Multiple reports have suggested that Prime Minister Boris Johnson could announce over the coming days that the government will relinquish its emergency powers as they expire at the end of the month, and that it will instead rely on guidance and endorsements of less damaging containment measures than the business closures used in the past.

This would provide clarity to businesses and households about the kind of economic conditions that will be faced by all over the coming months, with a less imposing governmental approach providing the economy the best shot it could hope for at recouping the losses incurred over the last 18 months.
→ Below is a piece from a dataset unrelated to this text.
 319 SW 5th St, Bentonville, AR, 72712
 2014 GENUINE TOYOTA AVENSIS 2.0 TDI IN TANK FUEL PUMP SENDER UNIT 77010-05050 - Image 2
“From one perspective, only a resumption of North Sea oil & gas output prevented a negative monthly GDP print,” says Ross Walker, chief UK economist at Natwest Markets. “Whilst there are some individual quirks and distortions in the July data (eg, the drags from the impact of Stamp Duty and Test & Trace), the overall sense is that underlying momentum in the economy is fading a little earlier and to a greater extent than expected.”

While Tuesday and Wednesday’s employment and inflation figures are the highlights of the UK economic calendar this week, Friday does also bring the August retail sales report and this is likely to garner more attention than others after July’ data revealed a surprise -2.5% contraction in sales.

Many economists had expected retail spending to wane after pubs, bars, restaurants and clubs reopened as this was seen as likely to facilitate a shift in spending away from goods and back to services, so many will look at 07:00 on Friday to see if that process has played out already or if it’s still ongoing.